The interior life – the life of prayer, sacraments, and the ascetical life – isn’t just for super-Christians and monks/nuns; it is something God calls us all towards in order to grow in grace so that we continually draw nearer to full union with Him (theosis/divinization).  These ideas are beautifully echoed throughout the writings of the Church faithers and also in the Catechism of the Catholic Church here:

2013 “All Christians in any state or walk of life are called to the fullness of Christian life and to the perfection of charity.”65 All are called to holiness: “Be perfect, as your heavenly Father is perfect.”66 (915; 2545; 825)

In order to reach this perfection the faithful should use the strength dealt out to them by Christ’s gift, so that … doing the will of the Father in everything, they may wholeheartedly devote themselves to the glory of God and to the service of their neighbor. Thus the holiness of the People of God will grow in fruitful abundance, as is clearly shown in the history of the Church through the lives of so many saints.67

2745 Prayer and Christian life are inseparable, for they concern the same love and the same renunciation, proceeding from love; the same filial and loving conformity with the Father’s plan of love; the same transforming union in the Holy Spirit who conforms us more and more to Christ Jesus; the same love for all men, the love with which Jesus has loved us. “Whatever you ask the Father in my name, he [will] give it to you.

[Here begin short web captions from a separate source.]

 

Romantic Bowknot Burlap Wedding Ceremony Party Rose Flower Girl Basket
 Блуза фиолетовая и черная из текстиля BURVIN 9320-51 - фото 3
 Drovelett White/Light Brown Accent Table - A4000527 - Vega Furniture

This I command you, to love one another.”41 (2660)

460 The Word became flesh to make us “partakers of the divine nature”:78 “For this is why the Word became man, and the Son of God became the Son of man: so that man, by entering into communion with the Word and thus receiving divine sonship, might become a son of God.”79 “For the Son of God became man so that we might become God.”80 “The only-begotten Son of God, wanting to make us sharers in his divinity, assumed our nature, so that he, made man, might make men gods.”81 (1265, 1391; 1988)

— Catholic Church. (2000). Catechism of the Catholic Church (2nd Ed.). Washington, DC: United States Catholic Conference.

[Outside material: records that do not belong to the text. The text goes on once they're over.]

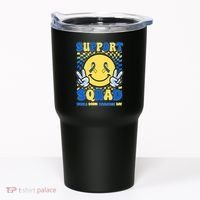 Support Squad World Down Syndrome Day Retro Smiley Emoji Tumbler thumb 0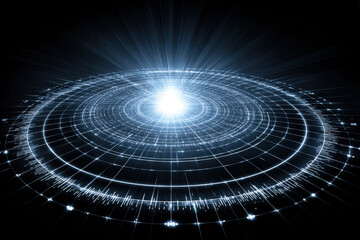 Futuristic radar chart with glowing polygonal network and glass needles on circular grid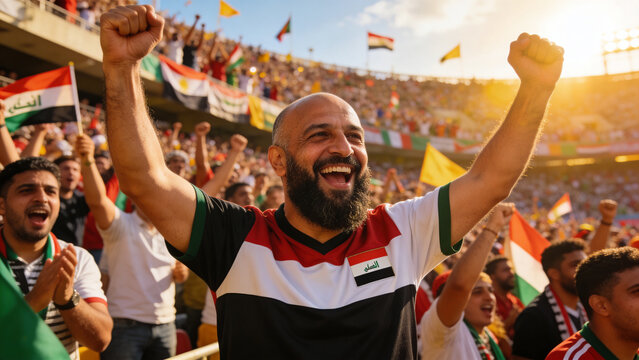 Cheering bearded bald man wearing team jersey with Iraqi flag patch raising fists at stadium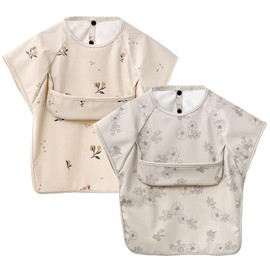 GoUseGo Meal Apron, Baby Short Sleeve Baby Food Apron, Set of 2, Waterproof, For Babies, Eating Apron, For Girls, Boys, Toddlers, 1 Years, 2 Years, 3 Years, 4 Years, 5 Years, 6 Years, Smocked, Kids,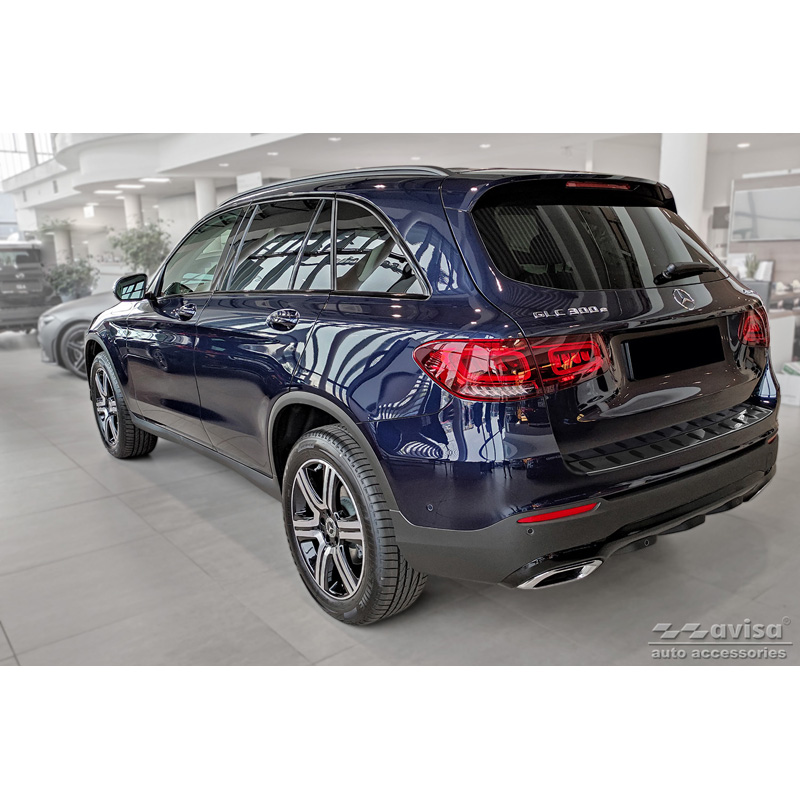 Protection de seuil arrière inox noir sur mesure pour Mercedes GLC (X253) 2015-2019 & Facelift 2019- 'STRONG EDITION'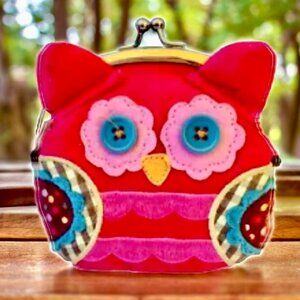 Stephen Joseph Coin Purse OWLKiss Lock Embellished Tiny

I highly recommend reading at least the first chapter of the book, “The Three Ways of the Spiritual Life” by Reginald Garrigou-Lagrange.  He gives such a great explanation of the Catholic view of salvation with a ton of biblical support.  He also teaches about the basic outline of the spiritual life (purgative, illuminative, and unitive way) which hopefully will end up sparking an interest in anyone reading it. As just seen above we are all called to this spiritual life (only possible through God’s grace that He gratuitously puts inside of us: CCC 2010-2015, John 15:5).

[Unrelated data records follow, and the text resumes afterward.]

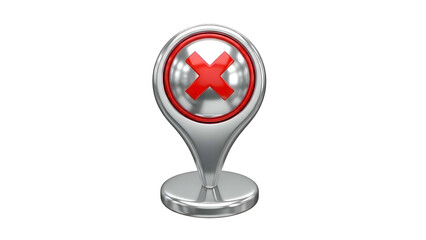 Silver Map Pin with Red Cross Symbol.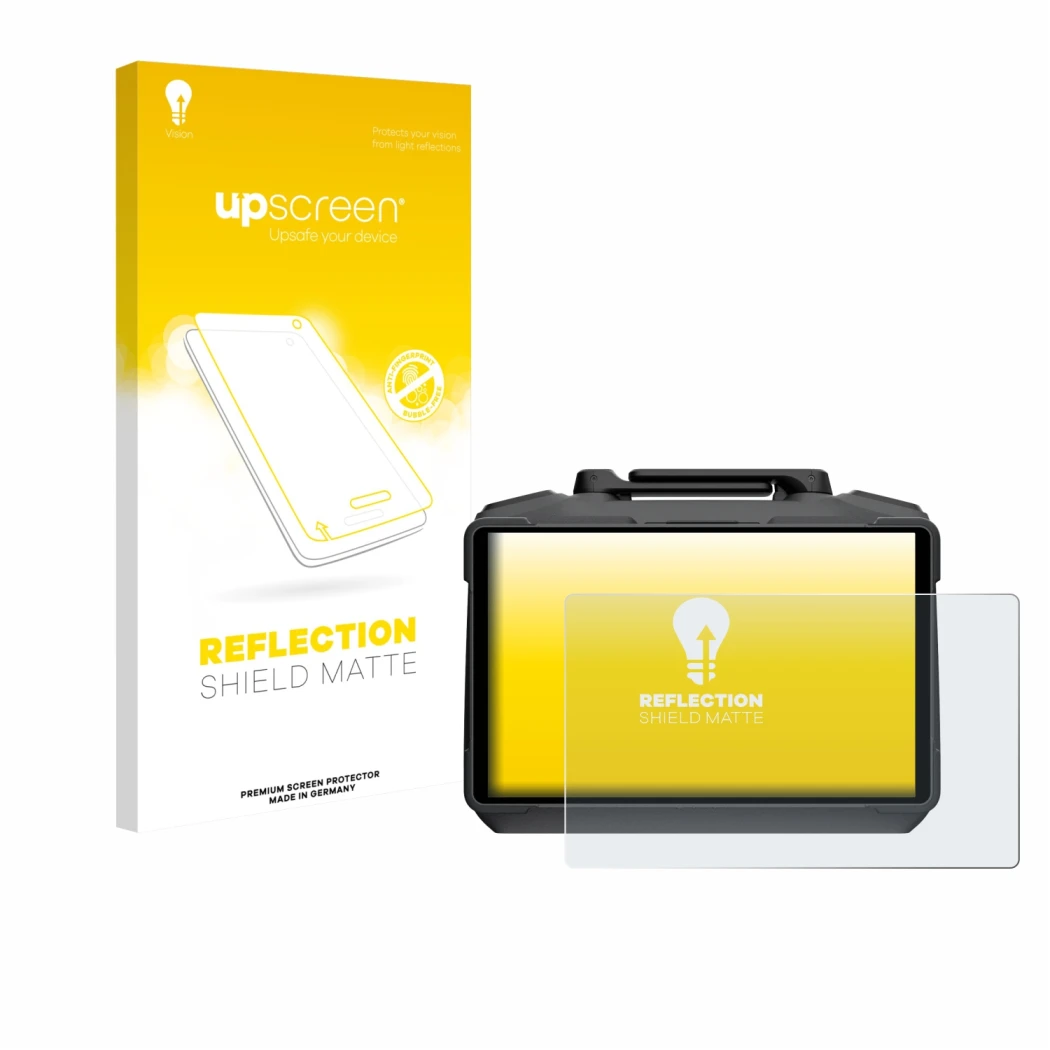 Parte frontale di una confezione del prodotto con il logo del marchio upscreen. Accanto è raffigurato il dispositivo DJI RC Pr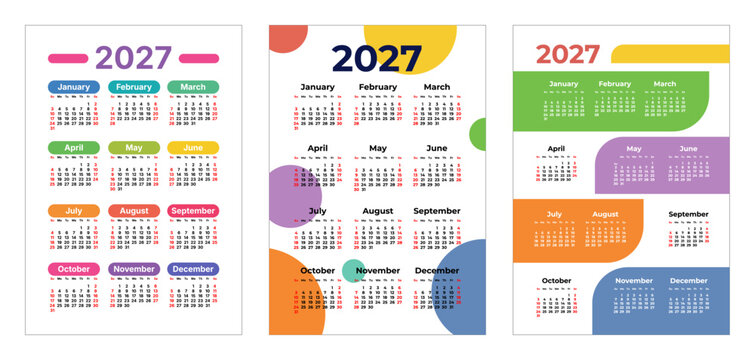 2027 pocket calendar template vector. Pocket size yearly calendar grid layout. 12 months planner with outlined text. Week starts on Sunday.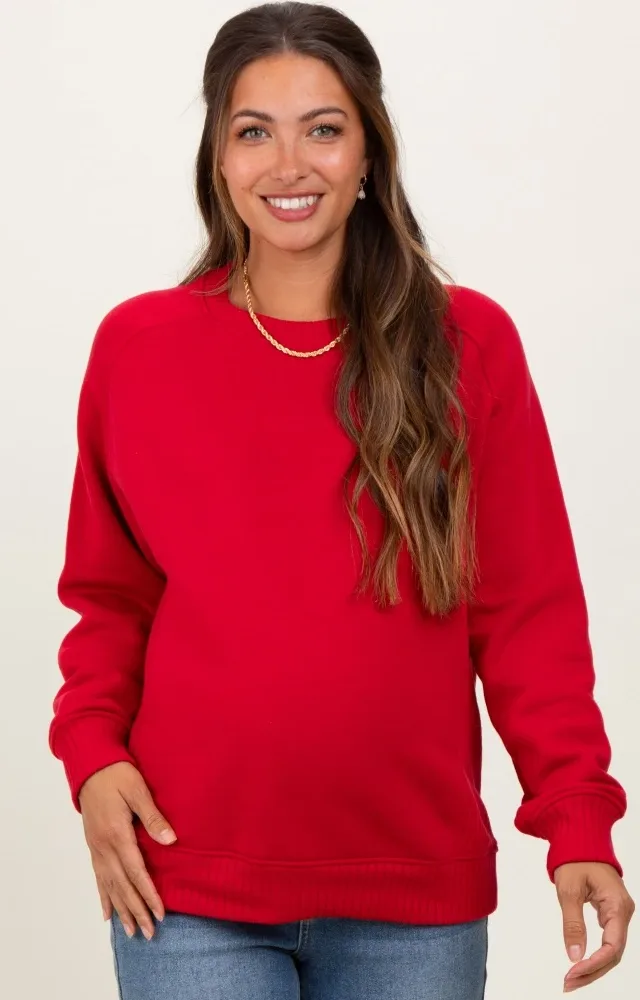 Red Pullover Maternity Terry Crewneck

Fr. Garrigou-Lagrange also spends a bit of time in the first chapter explaining the difference between this extrinsic vs. intrinsic righteousness debate between Luther and the Catholic Church.  Fr. Garrigou-Lagrange shows throughout the book that this has extremely important implications on the spiritual life.  That book changed everything for me.  Once I realized how rich the traditions of the spiritual life were in the Catholic Church and that my Lutheran view of imputed righteousness was a huge reason why I never knew about them, I dove head first in.

You can even access the book for fee online here: 



Lord Jesus,

You ask us to be perfect, therefore, as your Father in Heaven is perfect (Matthew 5:48). But apart from You I can do nothing (John 15:5). But, with You, all things are possible (Matthew 19:26).

Please, show me Your will and give me the strength to do it. Please, make me Your instrument. Please, make me into a Saint.


Conclusion to the Conclusion

What I learned from Lutherans

While my theological journey has already taken me so far, I know that I have a long way yet to go and I very much look forward to whatever else God has in store for me.

I would like to add that I am very thankful that God had me learn about the Church through Lutheranism. Lutherans taught me so much. Lutherans are a very loving and God-fearing people. They taught me that we are wholly dependent on God’s grace. They also taught me to put Jesus at the center of everything. This is probably the most important lesson that I will cherish from my time as a Lutheran.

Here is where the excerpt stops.